■ Your task
Search the listing for the string "Kids". Copy every line that has it.

◆ ◆ ◆ ◆ ◆ ◆ ◆

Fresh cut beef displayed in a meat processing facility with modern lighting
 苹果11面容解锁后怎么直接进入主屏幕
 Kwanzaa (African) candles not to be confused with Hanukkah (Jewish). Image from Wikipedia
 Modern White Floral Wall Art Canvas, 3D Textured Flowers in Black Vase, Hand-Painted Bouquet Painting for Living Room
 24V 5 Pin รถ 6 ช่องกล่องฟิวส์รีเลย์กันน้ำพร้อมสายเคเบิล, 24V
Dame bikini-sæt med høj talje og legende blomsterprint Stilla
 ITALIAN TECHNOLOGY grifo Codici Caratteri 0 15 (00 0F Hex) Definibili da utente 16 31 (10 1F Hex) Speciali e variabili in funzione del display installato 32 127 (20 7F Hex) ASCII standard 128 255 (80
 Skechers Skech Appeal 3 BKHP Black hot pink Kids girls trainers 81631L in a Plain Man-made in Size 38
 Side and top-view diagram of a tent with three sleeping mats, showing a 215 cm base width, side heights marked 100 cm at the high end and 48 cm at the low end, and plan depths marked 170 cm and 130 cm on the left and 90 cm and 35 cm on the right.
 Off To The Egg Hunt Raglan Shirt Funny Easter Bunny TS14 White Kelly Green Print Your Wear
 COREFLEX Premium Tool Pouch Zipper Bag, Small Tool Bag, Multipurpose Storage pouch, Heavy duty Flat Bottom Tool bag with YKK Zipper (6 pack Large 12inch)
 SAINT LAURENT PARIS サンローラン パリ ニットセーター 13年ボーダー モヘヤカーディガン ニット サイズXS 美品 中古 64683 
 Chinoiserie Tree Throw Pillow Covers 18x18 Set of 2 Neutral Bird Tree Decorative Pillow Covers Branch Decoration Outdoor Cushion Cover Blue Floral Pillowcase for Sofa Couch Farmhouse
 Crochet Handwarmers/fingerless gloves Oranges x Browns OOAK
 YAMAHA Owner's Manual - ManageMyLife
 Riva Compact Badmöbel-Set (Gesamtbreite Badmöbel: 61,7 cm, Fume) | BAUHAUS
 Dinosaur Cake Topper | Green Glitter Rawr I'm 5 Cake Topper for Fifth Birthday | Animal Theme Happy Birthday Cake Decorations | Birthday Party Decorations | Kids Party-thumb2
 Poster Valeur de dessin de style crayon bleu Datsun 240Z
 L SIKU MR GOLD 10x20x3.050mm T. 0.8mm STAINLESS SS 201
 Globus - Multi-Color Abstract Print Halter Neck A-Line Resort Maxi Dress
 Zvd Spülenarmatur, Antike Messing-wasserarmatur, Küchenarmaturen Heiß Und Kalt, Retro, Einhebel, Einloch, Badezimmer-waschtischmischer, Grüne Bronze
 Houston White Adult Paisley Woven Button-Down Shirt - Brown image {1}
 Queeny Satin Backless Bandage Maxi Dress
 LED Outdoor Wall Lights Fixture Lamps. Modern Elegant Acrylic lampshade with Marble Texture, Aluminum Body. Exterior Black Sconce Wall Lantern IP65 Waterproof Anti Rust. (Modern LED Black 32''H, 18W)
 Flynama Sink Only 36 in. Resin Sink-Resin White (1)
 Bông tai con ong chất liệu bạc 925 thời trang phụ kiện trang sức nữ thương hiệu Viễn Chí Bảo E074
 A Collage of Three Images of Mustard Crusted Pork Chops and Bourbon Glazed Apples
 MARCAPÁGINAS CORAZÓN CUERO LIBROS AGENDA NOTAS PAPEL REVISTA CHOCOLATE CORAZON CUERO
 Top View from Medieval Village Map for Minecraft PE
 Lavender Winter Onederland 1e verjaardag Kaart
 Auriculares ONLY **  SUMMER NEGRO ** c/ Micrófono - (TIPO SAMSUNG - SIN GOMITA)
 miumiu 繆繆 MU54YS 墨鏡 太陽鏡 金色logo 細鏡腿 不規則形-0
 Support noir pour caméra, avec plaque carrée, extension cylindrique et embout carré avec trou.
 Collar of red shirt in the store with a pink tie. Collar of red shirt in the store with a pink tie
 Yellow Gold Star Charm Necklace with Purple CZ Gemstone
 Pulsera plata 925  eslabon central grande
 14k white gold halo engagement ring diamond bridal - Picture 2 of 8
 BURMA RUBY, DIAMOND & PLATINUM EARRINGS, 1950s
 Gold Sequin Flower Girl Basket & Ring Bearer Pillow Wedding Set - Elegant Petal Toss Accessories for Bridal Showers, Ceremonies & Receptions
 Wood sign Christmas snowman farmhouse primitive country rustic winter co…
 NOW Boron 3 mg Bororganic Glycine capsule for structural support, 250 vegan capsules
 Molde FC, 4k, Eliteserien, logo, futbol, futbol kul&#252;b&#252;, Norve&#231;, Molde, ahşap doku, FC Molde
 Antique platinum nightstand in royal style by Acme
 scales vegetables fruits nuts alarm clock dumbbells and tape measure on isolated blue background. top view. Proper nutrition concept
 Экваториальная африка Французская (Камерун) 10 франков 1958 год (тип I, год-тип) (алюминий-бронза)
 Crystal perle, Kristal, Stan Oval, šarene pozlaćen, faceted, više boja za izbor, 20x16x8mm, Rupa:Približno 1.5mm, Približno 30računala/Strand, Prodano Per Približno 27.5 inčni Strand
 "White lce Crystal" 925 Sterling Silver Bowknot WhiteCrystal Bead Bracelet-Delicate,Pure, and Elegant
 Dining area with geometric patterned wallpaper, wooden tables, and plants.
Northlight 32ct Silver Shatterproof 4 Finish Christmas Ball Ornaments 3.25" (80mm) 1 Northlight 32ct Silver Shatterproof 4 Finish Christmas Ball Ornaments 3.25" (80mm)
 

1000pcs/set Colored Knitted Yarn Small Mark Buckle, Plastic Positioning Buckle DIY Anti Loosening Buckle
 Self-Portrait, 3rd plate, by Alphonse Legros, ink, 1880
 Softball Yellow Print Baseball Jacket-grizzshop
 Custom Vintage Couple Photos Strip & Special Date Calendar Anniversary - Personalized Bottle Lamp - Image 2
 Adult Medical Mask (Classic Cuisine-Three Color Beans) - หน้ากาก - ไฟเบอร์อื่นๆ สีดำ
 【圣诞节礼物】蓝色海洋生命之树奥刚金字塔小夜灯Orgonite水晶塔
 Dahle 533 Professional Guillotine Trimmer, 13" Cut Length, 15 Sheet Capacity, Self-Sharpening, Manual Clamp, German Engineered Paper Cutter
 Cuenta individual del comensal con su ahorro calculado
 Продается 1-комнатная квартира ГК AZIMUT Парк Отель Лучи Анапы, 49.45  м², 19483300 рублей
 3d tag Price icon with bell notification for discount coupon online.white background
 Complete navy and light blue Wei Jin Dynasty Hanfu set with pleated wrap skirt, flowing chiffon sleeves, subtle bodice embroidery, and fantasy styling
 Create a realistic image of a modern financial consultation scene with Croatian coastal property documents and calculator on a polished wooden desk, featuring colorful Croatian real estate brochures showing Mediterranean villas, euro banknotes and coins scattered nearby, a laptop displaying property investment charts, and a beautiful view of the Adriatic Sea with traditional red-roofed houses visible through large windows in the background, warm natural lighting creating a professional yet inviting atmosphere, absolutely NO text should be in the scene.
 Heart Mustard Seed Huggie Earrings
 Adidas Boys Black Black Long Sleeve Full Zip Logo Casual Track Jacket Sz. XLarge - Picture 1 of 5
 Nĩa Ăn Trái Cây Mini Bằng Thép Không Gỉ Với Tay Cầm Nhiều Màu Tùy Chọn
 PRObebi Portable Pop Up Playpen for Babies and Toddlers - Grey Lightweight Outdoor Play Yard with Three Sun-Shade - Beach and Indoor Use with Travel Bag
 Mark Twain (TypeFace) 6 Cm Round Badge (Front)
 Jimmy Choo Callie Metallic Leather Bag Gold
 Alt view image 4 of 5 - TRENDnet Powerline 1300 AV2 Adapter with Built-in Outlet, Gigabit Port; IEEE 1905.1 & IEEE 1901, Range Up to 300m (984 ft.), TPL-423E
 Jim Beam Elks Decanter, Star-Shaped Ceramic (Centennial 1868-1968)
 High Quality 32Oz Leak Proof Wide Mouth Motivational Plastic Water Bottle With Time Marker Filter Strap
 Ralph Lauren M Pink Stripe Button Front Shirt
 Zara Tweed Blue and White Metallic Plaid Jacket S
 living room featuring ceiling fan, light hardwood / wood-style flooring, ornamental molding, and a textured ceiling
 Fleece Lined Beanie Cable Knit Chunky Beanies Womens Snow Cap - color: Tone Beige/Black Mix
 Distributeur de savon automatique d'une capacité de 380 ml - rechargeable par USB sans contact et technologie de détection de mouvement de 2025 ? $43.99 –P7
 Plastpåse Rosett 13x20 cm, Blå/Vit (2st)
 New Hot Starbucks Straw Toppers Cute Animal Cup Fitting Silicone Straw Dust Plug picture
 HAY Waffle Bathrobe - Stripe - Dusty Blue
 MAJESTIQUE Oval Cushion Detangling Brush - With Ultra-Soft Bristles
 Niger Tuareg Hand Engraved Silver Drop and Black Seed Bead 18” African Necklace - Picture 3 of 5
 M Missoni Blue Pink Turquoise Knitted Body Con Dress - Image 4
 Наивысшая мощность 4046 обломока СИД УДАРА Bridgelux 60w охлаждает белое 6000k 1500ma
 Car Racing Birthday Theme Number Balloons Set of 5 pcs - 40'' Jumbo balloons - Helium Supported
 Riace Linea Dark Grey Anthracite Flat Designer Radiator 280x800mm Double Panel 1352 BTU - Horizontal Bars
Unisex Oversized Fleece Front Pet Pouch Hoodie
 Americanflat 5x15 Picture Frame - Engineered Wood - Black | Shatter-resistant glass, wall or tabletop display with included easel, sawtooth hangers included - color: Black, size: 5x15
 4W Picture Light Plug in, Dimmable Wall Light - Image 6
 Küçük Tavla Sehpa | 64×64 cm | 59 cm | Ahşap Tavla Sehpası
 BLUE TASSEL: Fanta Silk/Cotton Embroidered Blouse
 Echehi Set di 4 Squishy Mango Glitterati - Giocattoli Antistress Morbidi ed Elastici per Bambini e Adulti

◆ ◆ ◆ ◆ ◆ ◆ ◆

■ Problem solution
 Skechers Skech Appeal 3 BKHP Black hot pink Kids girls trainers 81631L in a Plain Man-made in Size 38
 Dinosaur Cake Topper | Green Glitter Rawr I'm 5 Cake Topper for Fifth Birthday | Animal Theme Happy Birthday Cake Decorations | Birthday Party Decorations | Kids Party-thumb2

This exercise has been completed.